-------- AVAILABLE RECORDS
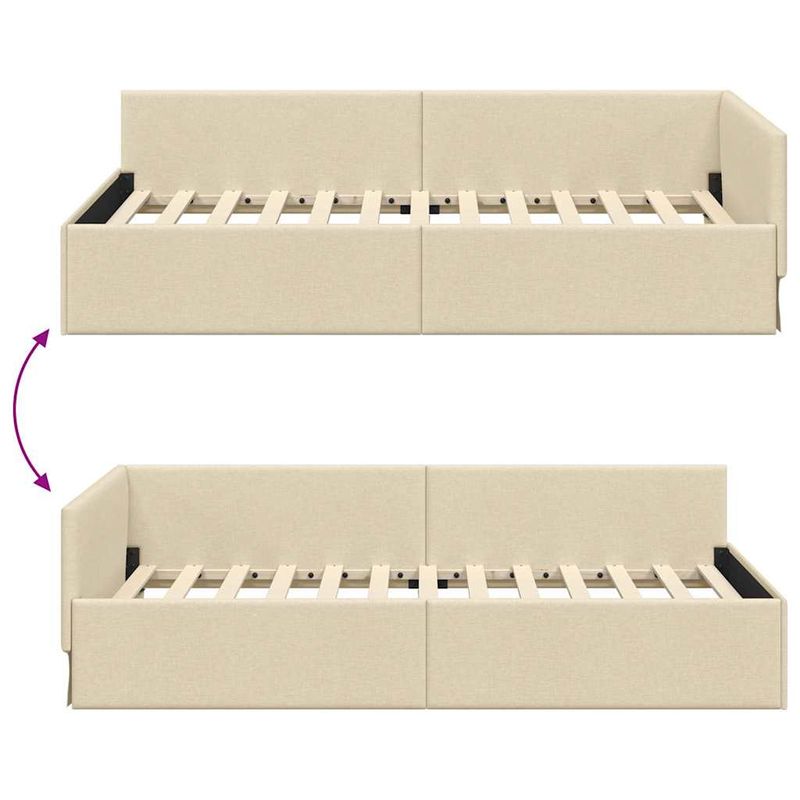 Casa si Gradina - Mobilier - Paturi si accesorii - Paturi - Cadru de pat coltar cu headboard Manual Crem 100 x 200 cm - Infinity.ro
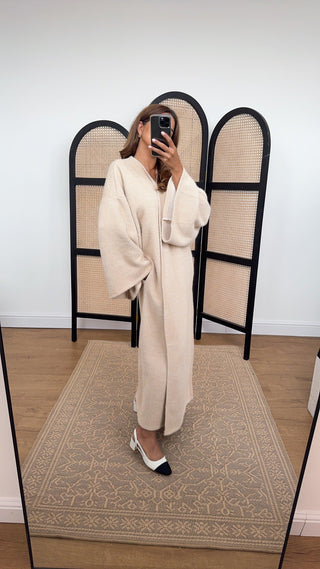 Aya kimono coatigan beige - Fash Focused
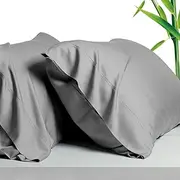 100% Viscose Made from Bamboo Breathable Pillowcases King Size Set of 2-Pack for Hot Sleepers and Night Sweats- Softness and Cooling Pillow Cases-Envelope Closure （Grey -20 x 40 inches）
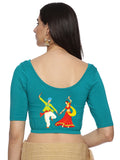 Women Back Printed Stretchable Half Sleeve Blouse U031 Rama Green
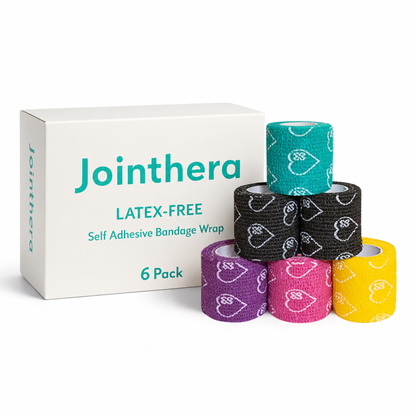 Premium Latex Free Self Adhesive Bandage Wrap For Compression, Injury Support & Joint Protection - 2" x 5 Yds, 6 Pack Jointhera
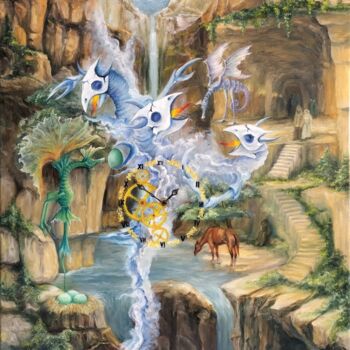 绘画 标题为“peinture à l'huile…” 由Gregory Pyra Piro, 原创艺术品, 油 安装在木质担架架上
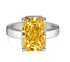 Super shiny cut 8*12 8A-CZ diamond 4 carat super flash s925 silver ring - MOWTE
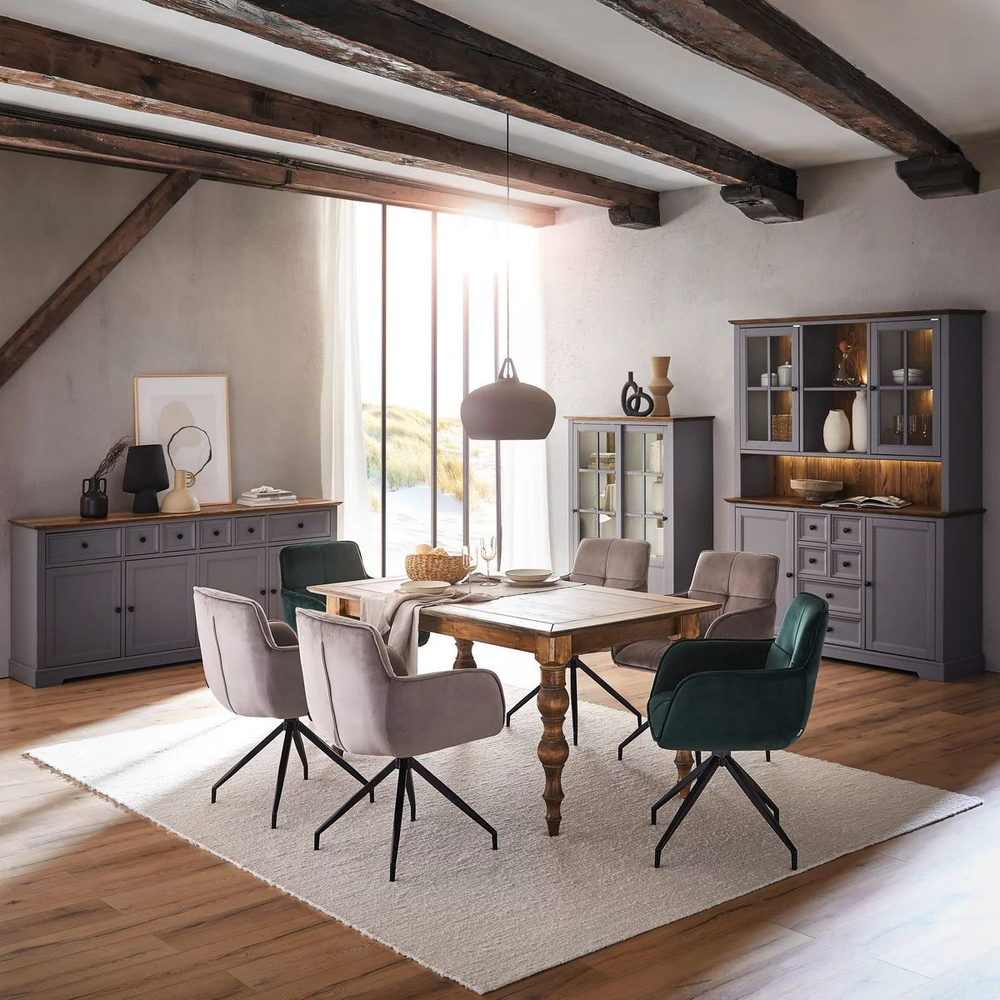 Шкаф витрина, 103х41х139, Лэйквью, буфет в кухню, сервант с 2 раздвижными дверями из массива дерева, MAKOSA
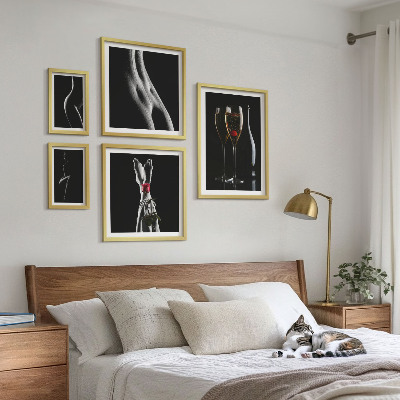 Poliptyk v rámu Elegantní moderní akcenty Černá a červená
----------------
§ **WHAT THIS TASK INVOLVES**:
Above are the records. Copy exactly, and only, the lines from the line containing "Шкаф витрина, 103х41х139, Лэйквью, буфет" through the last one, omitting any pictures.

§ **ANSWER AREA**:
 Шкаф витрина, 103х41х139, Лэйквью, буфет в кухню, сервант с 2 раздвижными дверями из массива дерева, MAKOSA
 Poliptyk v rámu Elegantní moderní akcenty Černá a červená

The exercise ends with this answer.